Aldo Tapia1 and Andrew Bennett1

1Department of Hydrology and Atmospheric Sciences. The University of Arizona, Tucson, AZ

Hydrological models are fundamental for understanding and predicting streamflow dynamics, especially under varying management strategies and climate scenarios. In recent years, Deep Learning rainfall-runoff models have demonstrated a high predictive skill. However, the robustness to forcing variables changes, especially when these changes are out of the training distribution, is still under discussion. In this study, we systematically evaluate both physically-based and multiple DL approaches (LSTM, CNN, Transformer, and MLP-Mixer) for streamflow prediction across the CAMELS basins in the Contiguous United States under a wide range of conditions.
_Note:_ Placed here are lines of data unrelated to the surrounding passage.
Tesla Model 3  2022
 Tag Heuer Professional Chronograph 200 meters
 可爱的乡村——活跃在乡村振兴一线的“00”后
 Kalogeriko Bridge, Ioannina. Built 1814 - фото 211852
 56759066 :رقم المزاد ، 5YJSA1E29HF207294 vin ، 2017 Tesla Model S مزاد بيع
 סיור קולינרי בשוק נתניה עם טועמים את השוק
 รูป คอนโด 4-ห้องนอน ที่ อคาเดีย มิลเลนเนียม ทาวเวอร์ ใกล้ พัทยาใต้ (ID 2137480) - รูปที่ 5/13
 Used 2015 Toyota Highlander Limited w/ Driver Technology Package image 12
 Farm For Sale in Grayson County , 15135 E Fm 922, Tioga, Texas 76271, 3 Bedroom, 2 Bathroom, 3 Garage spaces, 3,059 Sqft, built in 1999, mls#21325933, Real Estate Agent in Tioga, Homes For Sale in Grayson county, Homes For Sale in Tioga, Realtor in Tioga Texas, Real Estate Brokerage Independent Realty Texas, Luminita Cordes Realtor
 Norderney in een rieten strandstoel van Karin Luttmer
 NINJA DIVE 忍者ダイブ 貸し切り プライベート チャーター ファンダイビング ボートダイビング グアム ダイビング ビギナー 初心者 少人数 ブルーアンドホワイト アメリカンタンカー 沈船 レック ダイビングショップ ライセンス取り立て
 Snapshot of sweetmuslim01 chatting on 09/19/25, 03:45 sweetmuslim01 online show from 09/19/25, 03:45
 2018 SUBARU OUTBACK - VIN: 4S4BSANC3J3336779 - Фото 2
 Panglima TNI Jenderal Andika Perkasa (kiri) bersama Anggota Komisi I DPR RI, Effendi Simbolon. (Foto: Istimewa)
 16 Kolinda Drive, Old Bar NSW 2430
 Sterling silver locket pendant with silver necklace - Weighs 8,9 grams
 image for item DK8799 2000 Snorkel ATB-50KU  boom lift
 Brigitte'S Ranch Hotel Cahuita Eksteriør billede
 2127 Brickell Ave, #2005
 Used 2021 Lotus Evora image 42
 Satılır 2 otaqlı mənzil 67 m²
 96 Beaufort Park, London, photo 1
We designed and conducted perturbation experiments of precipitation and temperature to explore the sensitivity of the model structures. An initial perturbation analysis includes applying Directional Expectation across models and computing the rate of change in streamflow as a function of precipitation and temperature perturbations. We also include a range of perturbations based on a pseudo-global warming experiment derived from downscaled CMIP6 outputs and compare with the baseline. Both analyses are performed with different datasets, while the rate of change obtained from the Directional Expectation test will be evaluated under non-stationary conditions.

We compare the performance and insights of physics-based models with those of DL methods by analyzing key drivers of streamflow variability. We use the physically-based model to set a baseline for the expected results caused by our range of perturbed inputs, providing a weak benchmark for determining DL model robustness to changes.